→ **Dataset section**:

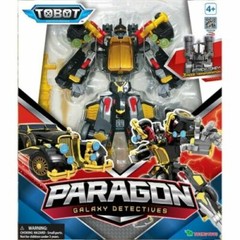 TOBOT V Classic ADMIRAL/ PARAGON Transforming Robot Car Action Figure Young Toys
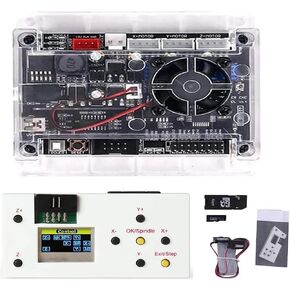 1.1 USB Port Control Board 3 axis Integrated Drive, Offline Controller Suitable for 2418, 3018(Full kit)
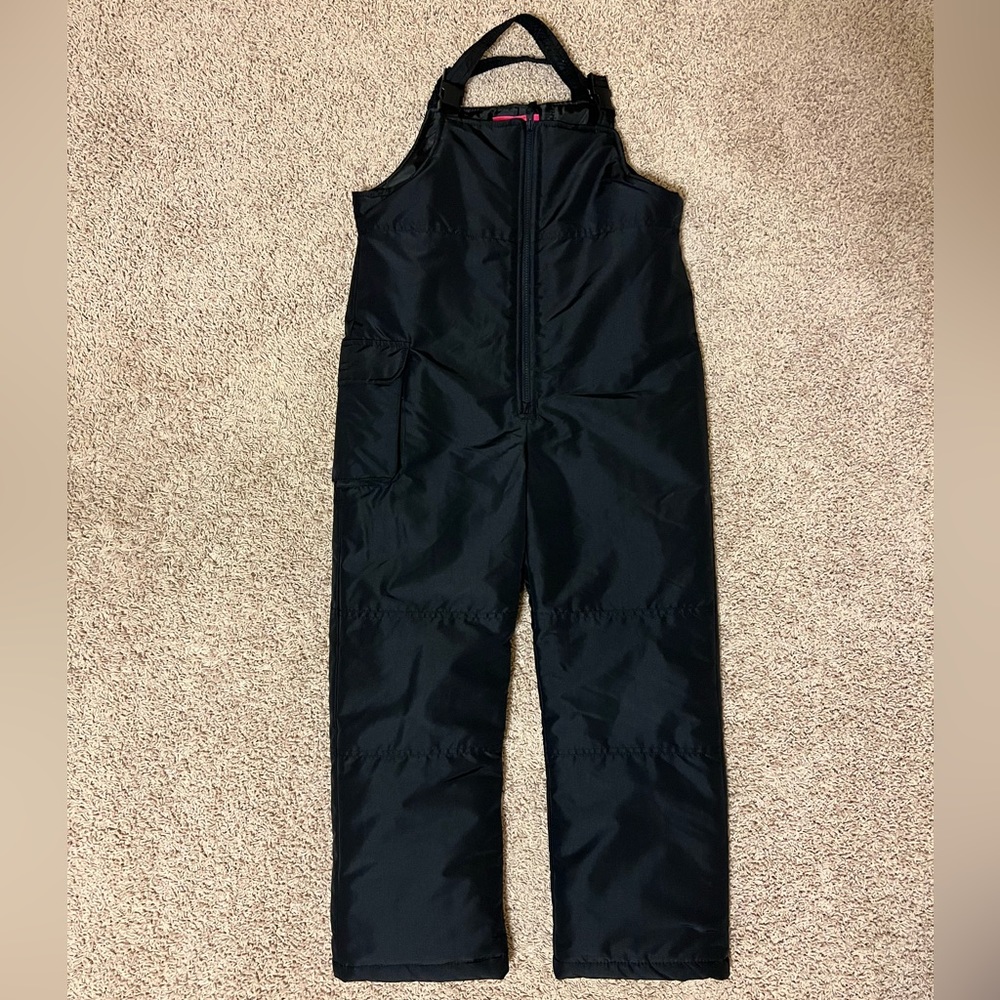 London Fog Snow Bib - Black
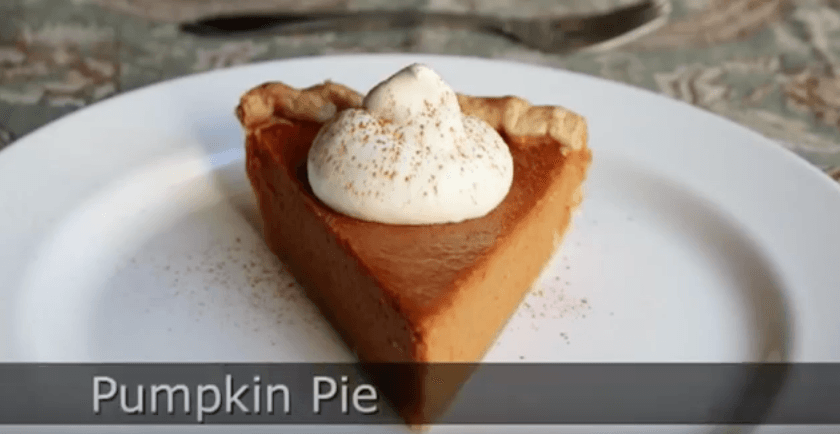Classic Pumpkin Pie for Thanksgiving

→ **Task**: Copy the listing above verbatim; the pictures it contains are to stay out.

→ **Solution**:
 TOBOT V Classic ADMIRAL/ PARAGON Transforming Robot Car Action Figure Young Toys
 1.1 USB Port Control Board 3 axis Integrated Drive, Offline Controller Suitable for 2418, 3018(Full kit)
 London Fog Snow Bib - Black
Classic Pumpkin Pie for Thanksgiving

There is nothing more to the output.